By Dennis Abrams
Writing for dw.de, Holger Hermann notes the “enormous interest in Western literature in Asia — namely, in Taiwan, where 25 percent of the nearly 40,000 new books published each year are translation. And, while “most of them are from English . . . books translated from German are on the rise.”
Hermann quotes translator Wei Tang, who sees the openness towards cultures and languages in Taiwan as “self-evident.” “We are living on a small island, that’s why we are interested in what’s happening in the whole world. There is a yearning for everything that’s foreign.”
The article reports that Tang is one of the “most significant mediators of German literature in Taiwan, traveling back and forth between Berlin and Taipei: raising interest in Taiwanese literature in Germany (where she accompanied Taiwanese writers to the Literary Colloquium Berlin and the Leipzig Book Fair), and raising awareness of German literature in Taiwan – a decidedly easier task.
There are several publishing houses in Taiwan that have had success with German literature – Frank Schätzing’s Der Schwarm (The Swarm) and Ferdinand von Schirach’s short story collection Verbrechen (“Crimes”) have become bestsellers.
Rex How, editor of Locus Publishing, told Hermann that, “In most countries, books written by native authors sell better than those translated from foreign languages. But in Taiwan, the reverse holds true.”

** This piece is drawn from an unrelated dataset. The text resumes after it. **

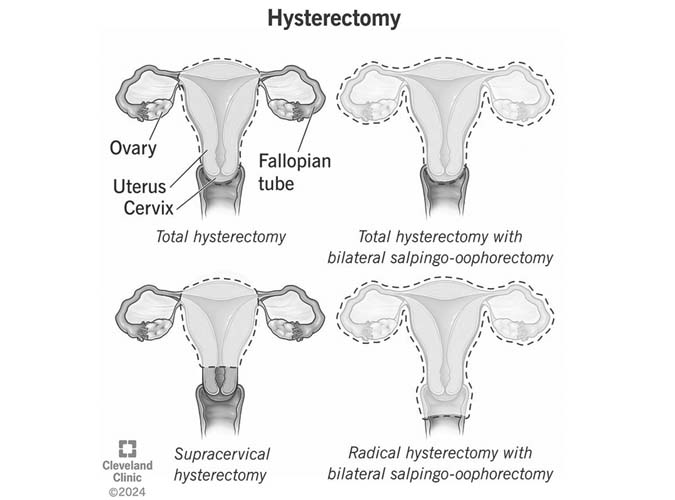 Women's Health Quiz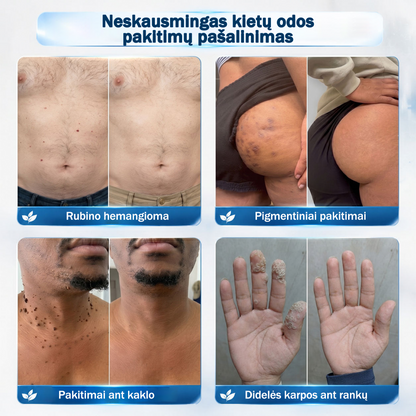 👨‍🔬🧊 Oficiali parduotuvė | ✅ Rolimey® 7 dienų roll-on priemonė odos ataugėlėms, karpoms ir pigmentinėms dėmėms-7141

Business Weekly is the main publisher for German translations, including books by Daniel Kehlmann, Arno Geiger, and Elfriede Jelinek. Chief editor Feng Yi Cheng, attributes “growing linguistic competence” for the growing number of translations being published:
“When I started out at Business Weekly 15 years ago, we published a translation from Germany only once every two years. By now, we publish three to five such works every year. Whereas we had only two German speaking editors before, we now have four.”